Aim of the task: Your answer should hold exactly the lines below from the line with "Aussicht auf den" through the line with "GUMMIES BLACK CHERRY", both included, and no pictures at all.

Task inputs:
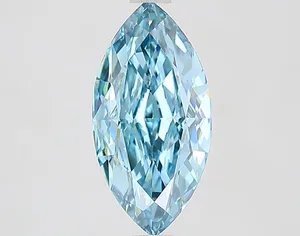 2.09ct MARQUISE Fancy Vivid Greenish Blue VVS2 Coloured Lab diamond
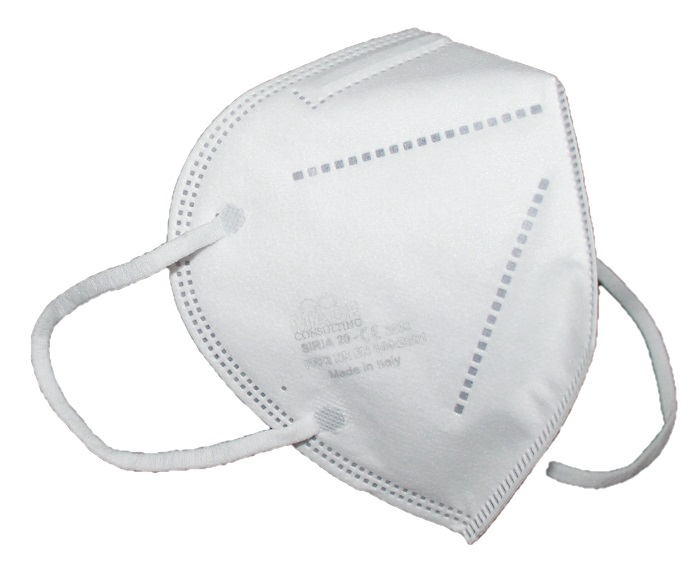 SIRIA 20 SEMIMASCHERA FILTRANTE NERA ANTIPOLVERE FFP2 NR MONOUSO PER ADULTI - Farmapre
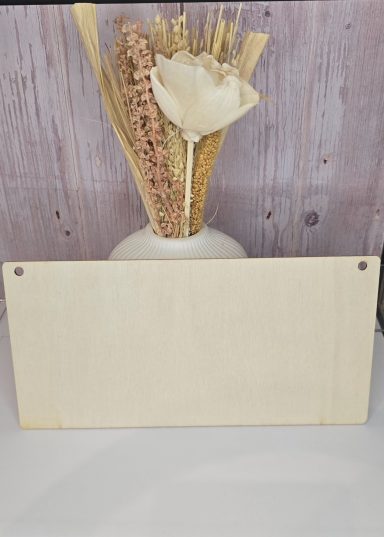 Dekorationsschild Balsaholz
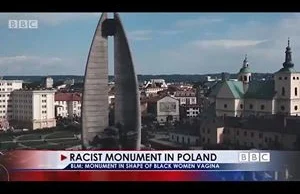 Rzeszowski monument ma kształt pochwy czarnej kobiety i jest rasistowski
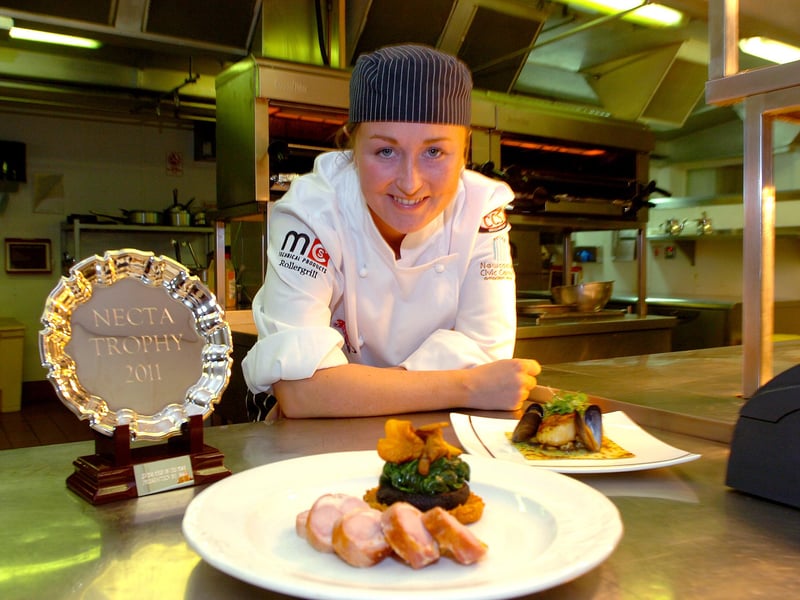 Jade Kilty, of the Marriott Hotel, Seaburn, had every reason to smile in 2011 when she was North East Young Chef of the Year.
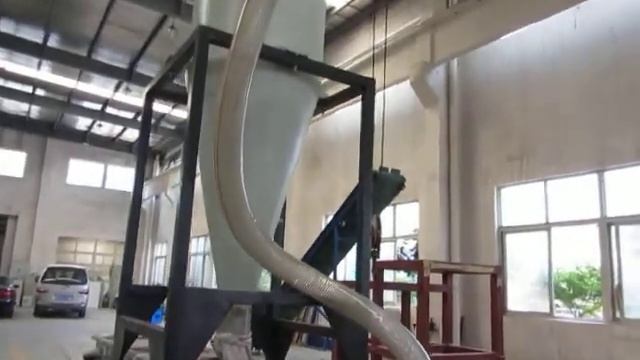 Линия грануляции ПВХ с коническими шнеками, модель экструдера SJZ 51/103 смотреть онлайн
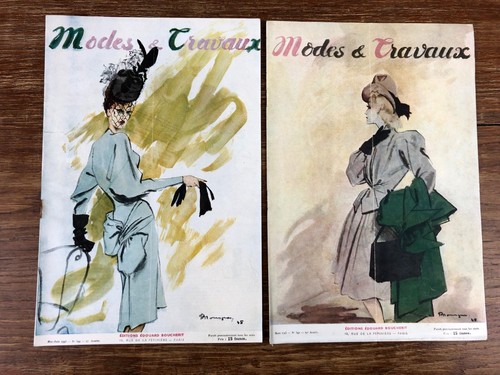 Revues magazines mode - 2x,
==
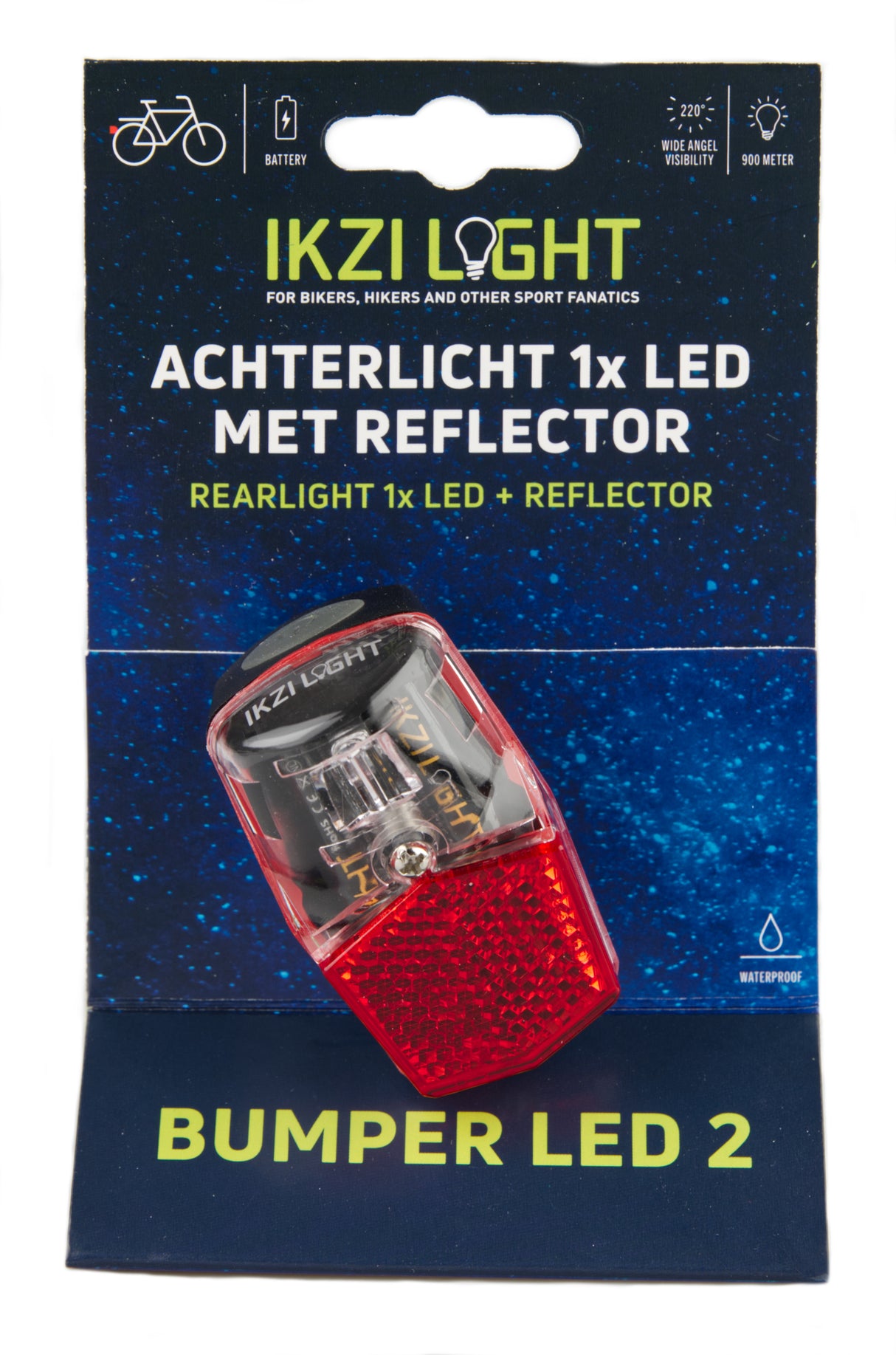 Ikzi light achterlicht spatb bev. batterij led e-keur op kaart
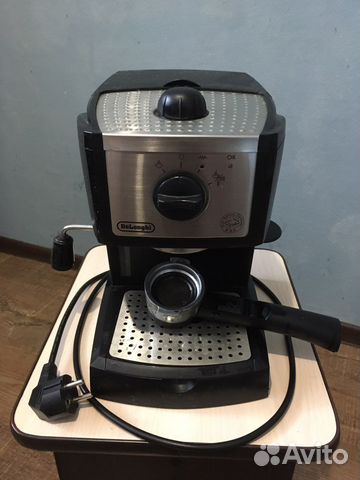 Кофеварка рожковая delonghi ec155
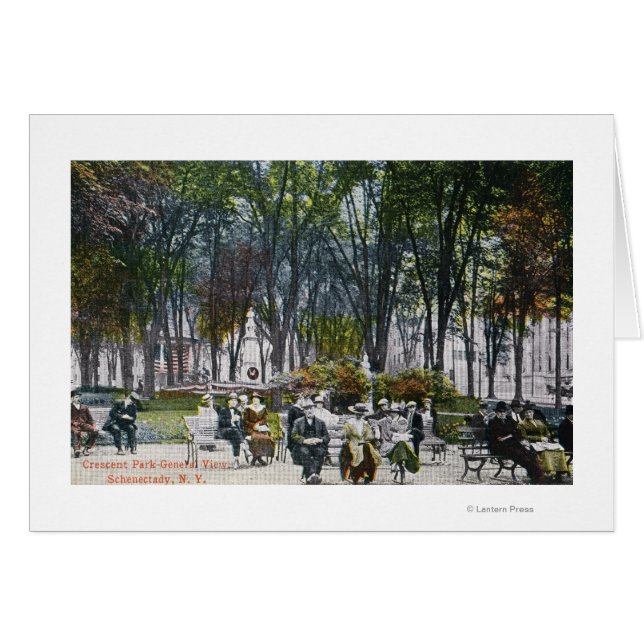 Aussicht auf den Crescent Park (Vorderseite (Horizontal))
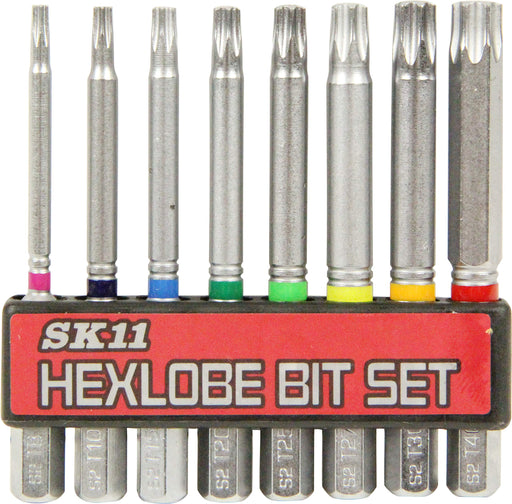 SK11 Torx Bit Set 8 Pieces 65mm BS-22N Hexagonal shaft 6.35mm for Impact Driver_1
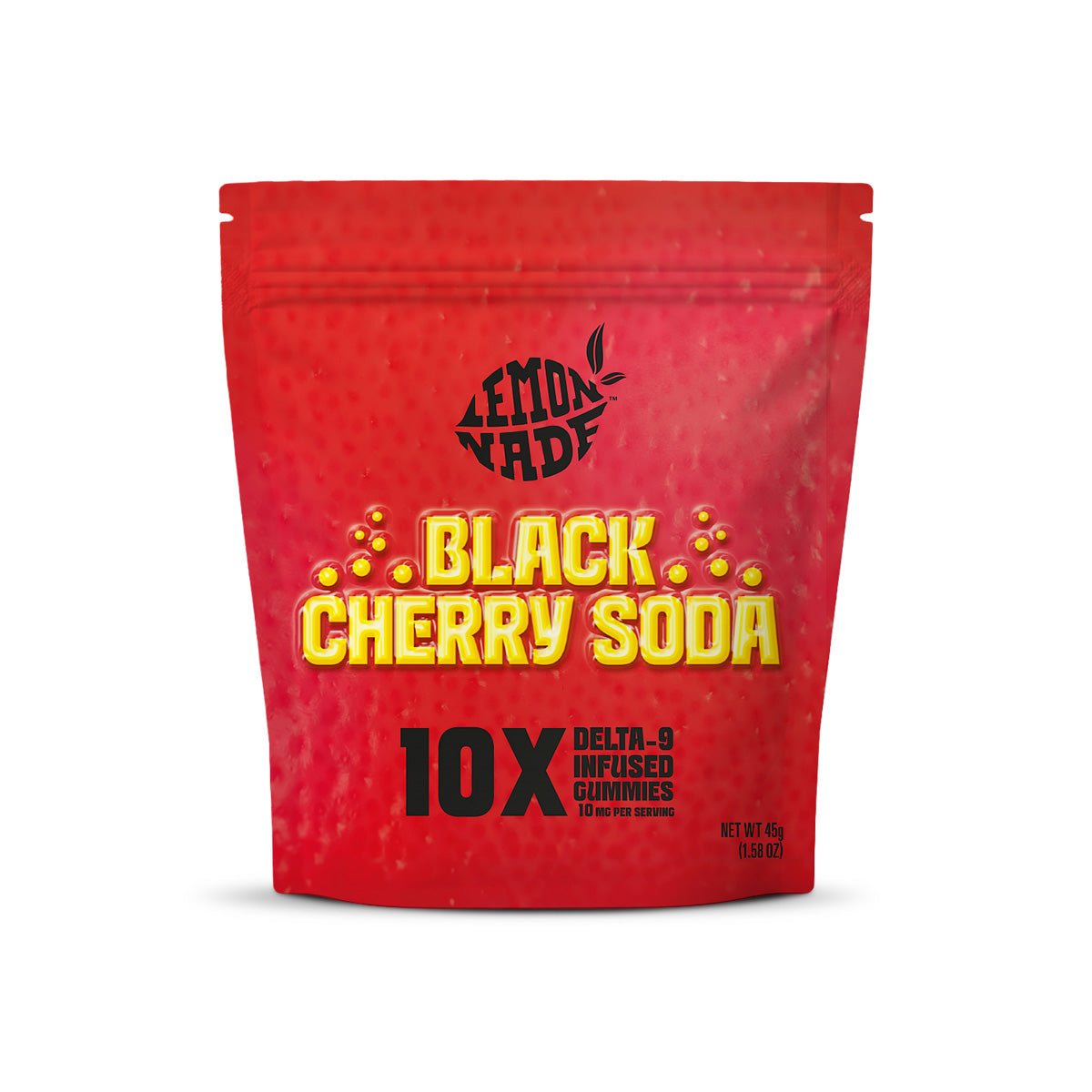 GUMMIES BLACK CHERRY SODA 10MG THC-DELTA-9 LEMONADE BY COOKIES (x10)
---
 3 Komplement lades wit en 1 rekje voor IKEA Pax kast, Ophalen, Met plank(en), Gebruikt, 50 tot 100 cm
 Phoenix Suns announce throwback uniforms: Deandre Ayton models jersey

Response area:
 Aussicht auf den Crescent Park (Vorderseite (Horizontal))
 SK11 Torx Bit Set 8 Pieces 65mm BS-22N Hexagonal shaft 6.35mm for Impact Driver_1
 GUMMIES BLACK CHERRY SODA 10MG THC-DELTA-9 LEMONADE BY COOKIES (x10)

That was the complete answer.